AFP, Mar. 26, 2003
http://iafrica.com/
Habib Trabelsi
The calls for jihad against Americans have mushroomed since the start of the US-led war on Iraq but Muslim religious scholars are divided on whether and how to wage a holy war against the infidel invaders.
Sunni Muslims from Saudi Arabia outside the official religious establishment in early March called for jihad against the “crusaders” and anyone who helped the Americans or the British in taking on Iraq.
Sheikhs Ali al-Khudhair, Nasser al-Fahd and Ahmed al-Khaldi, known to have a penchant for Osama bin Laden and sought by Saudi authorities, have issued fatwas, or religious edicts, on the internet declaring that “whoever assists the US cause is an atheist and apostate”.
The three picked up where bin Laden left off in an audiotape posted on the internet in February in which he accused Arab leaders of being on the payroll of the “crusaders” and branded them “non-believers”.
Toning down the message, 32 Saudi religious moderates acknowledged in a statement published in mid-March that “any cooperation with the United States in its aggression against Iraq would be a grave sin”.
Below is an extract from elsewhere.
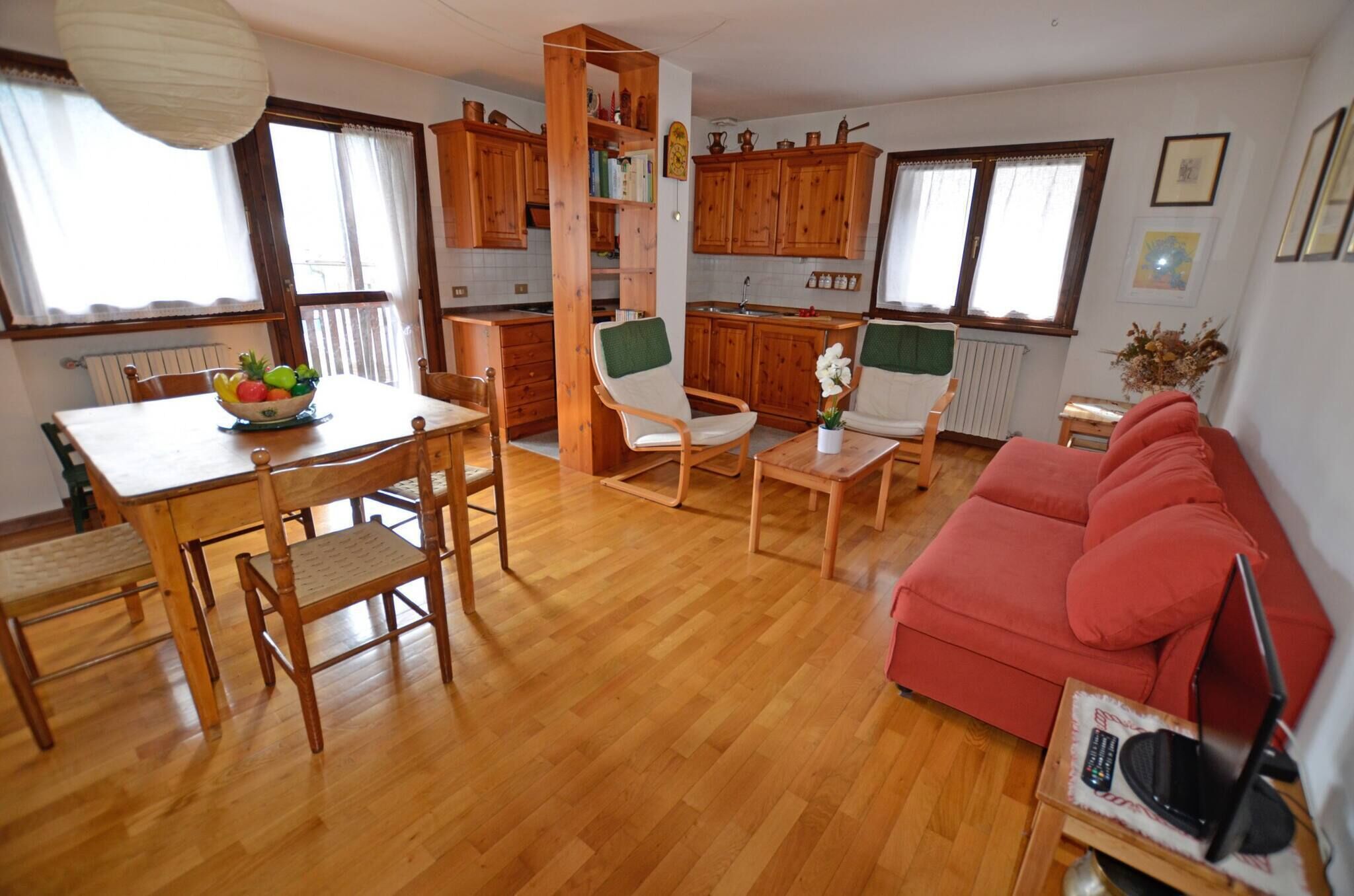 Ein Wohnzimmer mit Esstisch aus Holz, Stühlen, einem roten Sofa und einer Küchenzeile mit Holzausbau.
But they stressed that the decision to issue the call to jihad “should be made by people versed in religious studies”.
They also said they opposed “the bloodshed of our Muslim brothers or foreigners living in the country (Saudi Arabia) under such a pretext”.
Saudi Arabia’s top mufti, Sheikh Aziz al-Sheikh, followed suit, calling on March 23 for the faithful to prove their patience and “obey their leaders whatever the circumstances”.
One week earlier, the head of Al-Azhar, Sunni Islam’s highest institution, revised an earlier call to followers by its religious research committee asking “all Arabs and all Muslims to prepare to fight to defend their sacred values and to not weaken in the face of (American) aggression”.
“Jihad to defend Iraq will be an obligation for all Muslims… but there is a difference between jihad and terrorism,” Al-Azhar leader Mohamed Sayyed Tantawi said.
Yasser al-Serri, the director of the Islamic Observatory based in London, an Islamist interest group, agreed that “it is the duty of all Muslims to defend themselves against the aggressor.
“Today, America is in the process of attacking a Muslim country. Any Muslim is obliged to hit the aggressor and the bases used to stage this attack,” Serri said.
“(But) that does not necessarily mean defending the dictator, Saddam Hussein,” he added.
The head of the Federation of Islamic Organisations in Europe, also based in London, the Iraqi Ahmed al-Rasui, urged Muslims to resist the urge for vengeance.
“Certainly, this war defies international legitimacy… but all aggression against an individual or institution under the pretext of defending rights is wrong,” Rasui said.
Nearly six months before the war started, however, some 450 Iraqi Sunni and Shiite religious leaders met in Baghdad and proclaimed that “if an attack is launched against Iraq, jihad against this century’s Pharaoh (US President George W. Bush) would become the duty of any Muslim”.
On Monday evening, four days into the war, an Iraqi carried out a suicide attack in the southeastern Fao peninsula and destroyed a tank used by the US-British coalition, according to an Iraqi army spokesperson.